Ventaso went through continuous and significant changes in the first few years including a name change, moving locations, replacing the CEO, product platform changes and dissolving partnerships. However through each replacement employees came into work the next day and worked toward the same vision of success. Our Identity was not tied to leaders, workplaces, logos, or the corporate name, they were tied to our purpose and goals. The company’s goals determined if potential employees felt they could contribute, customers felt they could benefit from products, and investors felt the company could be profitable.
Each department in spite of continuous change was able to make decisions about product platform changes, markets to explore, and changes to release dates because we were all moving in the same direction and had the same goals. The "one voice" theme was easily paraphrased by the press, customers and all employees concisely with the same message and enthusiasm.
The core purpose of the company evolved but was never replaced like so many other components of the company. Eventually when investors felt the company’s vision would not be sufficiently profitable they shutdown the company rather than replacing the vision.
The organizations core values: imagination, accountability, collaboration, tenacity, integrity and quality were not integral to the business. They were not incorporated into the daily work of employees, hiring interviews or decision making. Although it is unclear if the core values could have changed the fate of the organization it is clear that it would have been difficult to instantiate these values if they were not there from the start.
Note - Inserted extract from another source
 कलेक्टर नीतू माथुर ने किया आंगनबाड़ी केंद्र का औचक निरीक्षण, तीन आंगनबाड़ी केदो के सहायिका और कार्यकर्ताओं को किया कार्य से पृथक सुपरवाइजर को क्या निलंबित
Ventaso did not have a BHAG. We tried to integrate our product with popular tools and celebrated the success of each new customer but internally engineering did not know the competition we were trying to beat, the metrics we were trying to reach or the company we were trying to emulate. Without a BHAG the feeling was like trying to surf a tidal wave rather than rocketing to the moon. We didn’t know our final destination but we were sure going to enjoy the ride.